Rental prices: Prime rents with further upward momentum
- In the 1st quarter, prime rents rose in Munich (EUR +3.00 /sq m), Düsseldorf (EUR +2.00/sq m) and Frankfurt (EUR +0.50/sq m). On average in the top-5 markets, prime rent growth was 2.5 percent quar-ter-on-quarter and 6.2 percent year-on-year.
- When it comes to average rents, for which the lettings of the past twelve months are taken into ac-count, the picture is mixed. In some markets there is an increase (Frankfurt >EUR 2.00/sq m and Mu-nich >EUR 1.00/sq m), in others a decrease (Berlin and Düsseldorf by EUR 0.25/sq m each).
- The rent-free periods in central prime locations are 7.5 percent based on a 5-year lease across all top-5 markets.
Vacancy: More vacancy, especially for subletting space
- The vacancy rate for office space in the top-5 market areas stood at 5.68 million sq m at the end of Q1 2024. This corresponds to a vacancy rate of 7.2 percent and is one percentage point higher than twelve months ago.

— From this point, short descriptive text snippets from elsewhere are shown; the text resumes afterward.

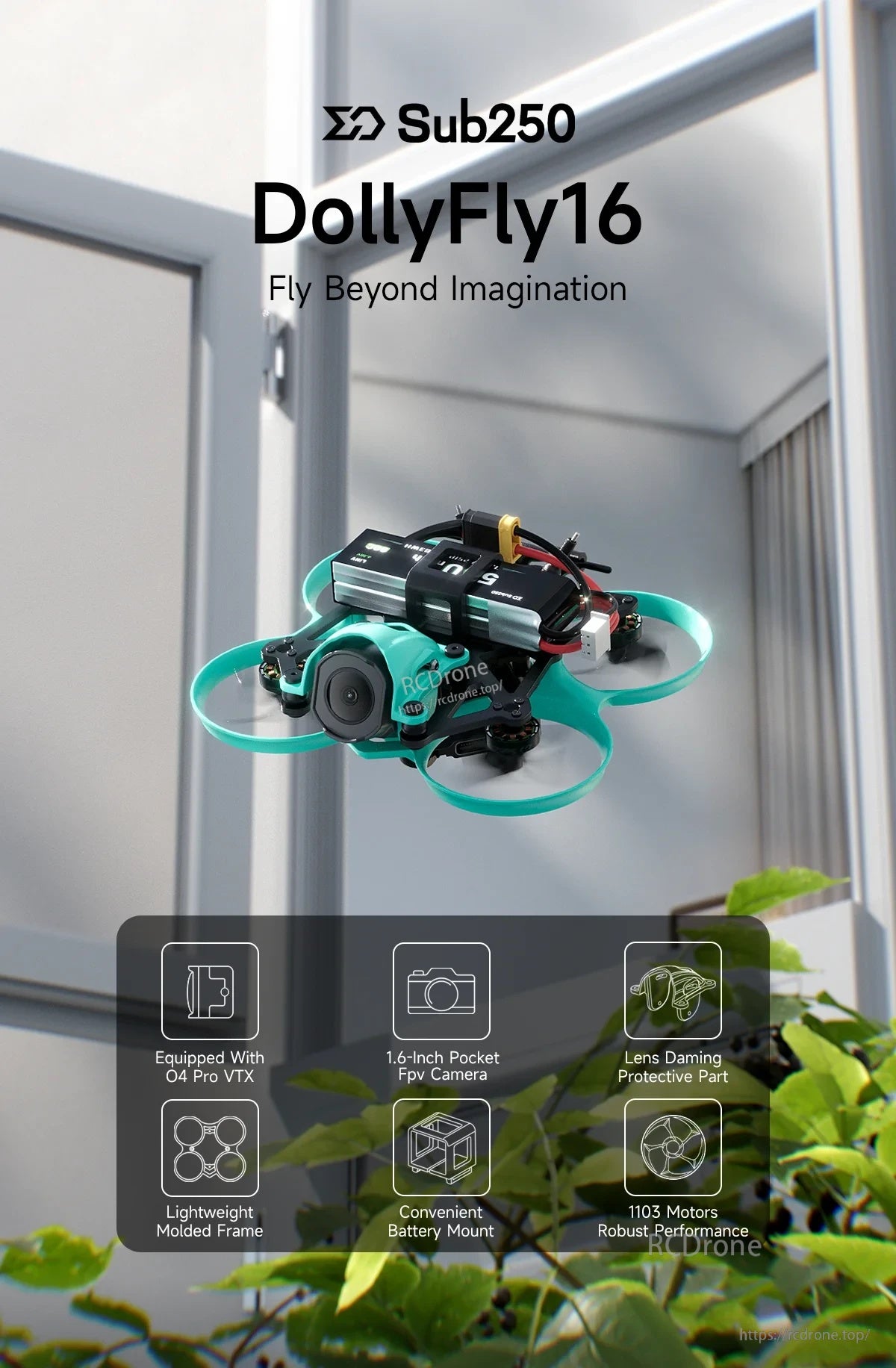 Sub250 DollyFly16 1.6-inch 2S whoop FPV drone with ducted frame and HD camera (mint green)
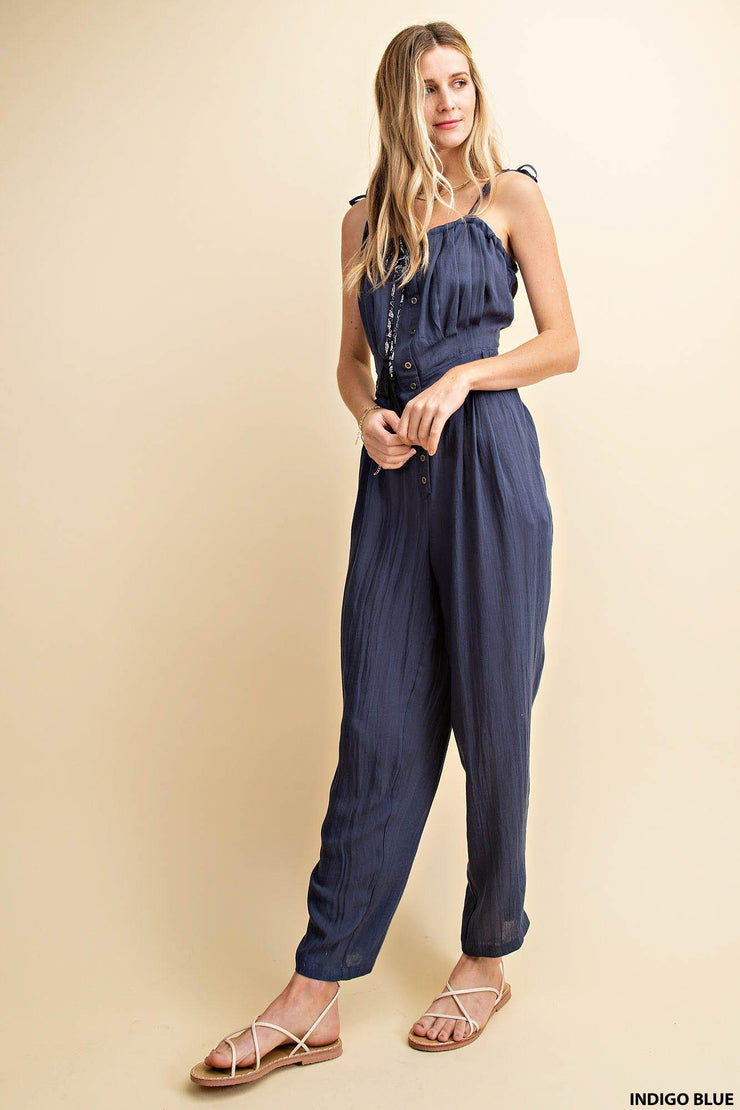Button Down Tube Top Jumpsuit With Tucks and Back Waist Smocking.   80% Rayon 20% Nylon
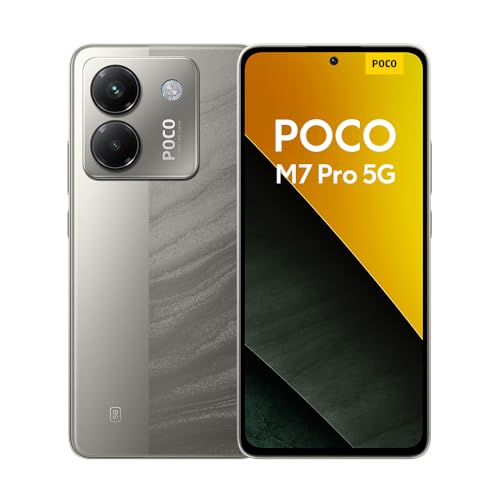 Poco M7 Pro 5G Smartphone, 8+256GB, Silver, Klare 50MP Sony Kamera mit OIS, 5110mAh Akku, 45W TurboCharge, 120Hz augenschonendes AMOLED Display von Xiaomi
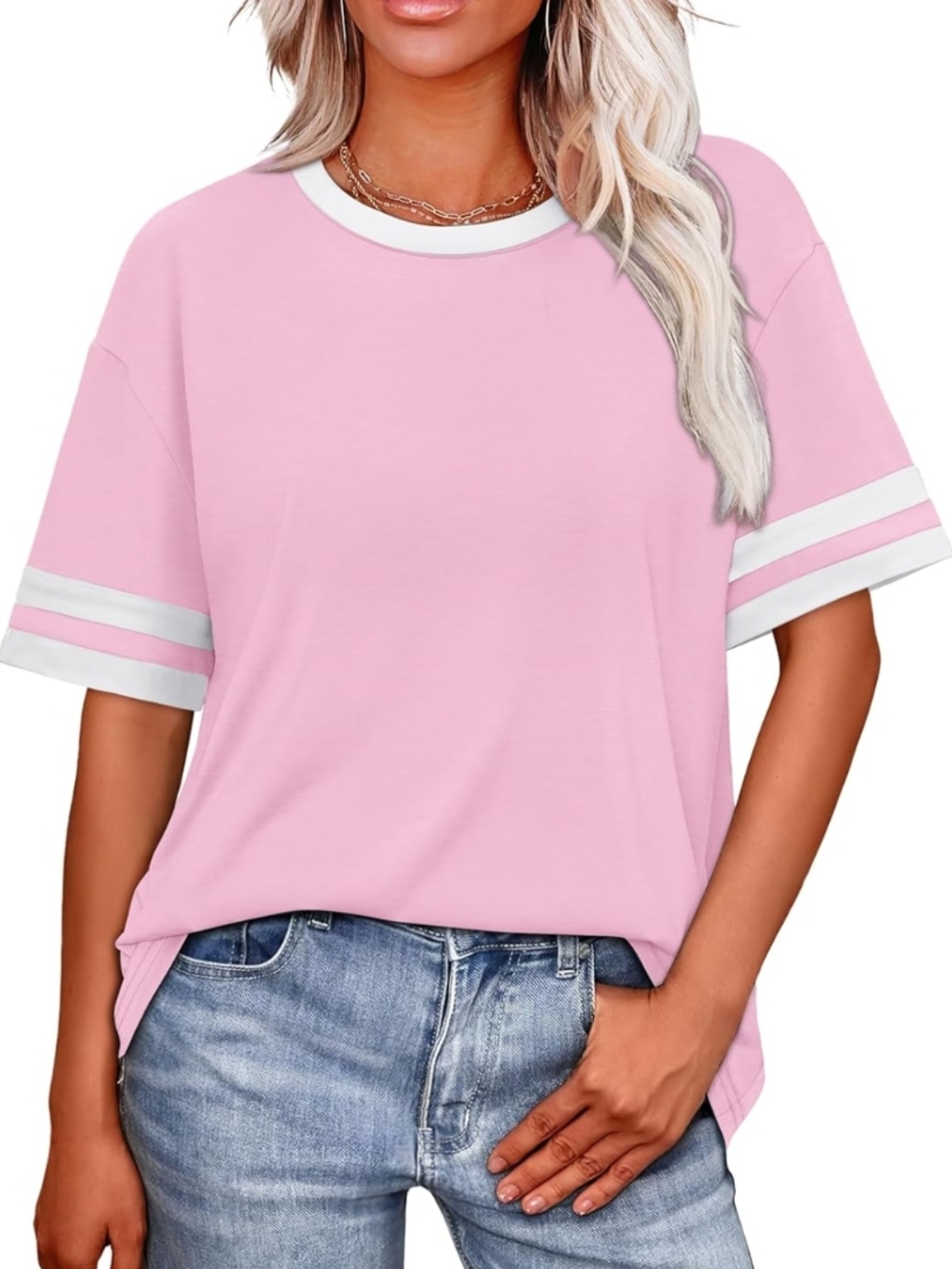 WIHOLL Light Pink Color Block Short Sleeve Tee - Size XL (EUC) - Picture 2 of 10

- Among the top-5 markets, Hamburg continues to have the lowest rate at 4.8 percent, while Düsseldorf has the highest rate at 10.2 percent. Berlin has the absolute highest vacancy rate (1.57 million sq m), followed by Munich (1.3 million sq m).
- The supply of subletting space continued to increase in Q1, totalling 653,000 sq m, which is 35 percent higher than the figure of a year previously. The classical vacancy rate (excluding subletting space) has risen by 17 percent.
- In the coming quarters, C&W expects the vacancy rate to rise further – to around 8.0 percent by the end of 2024, due to the unlet space in the numerous completions as well as space reductions when many occupiers move.
Completions: Construction volume decreases
- In the first quarter, 331,000 sq m of office space was completed, 69 percent of which was let or assigned to owner-occupiers on completion. By far the largest volume of completions was in Berlin (206,000 sq m), followed by Munich (54,000 sq m).
- Around 1.73 million sq m of property currently under construction is for completion by the end of 2024 – which would be almost double the 5-year average (960,000 sq m). Currently, 41 percent of this space is still available.
- At the end of the 1st quarter, the construction volume was 3.3 million sq m – about half of which is still to be let. Compared to the previous quarter, construction volume fell by around 310,000 sq m, as fewer new construction projects are being launched in the current market environment.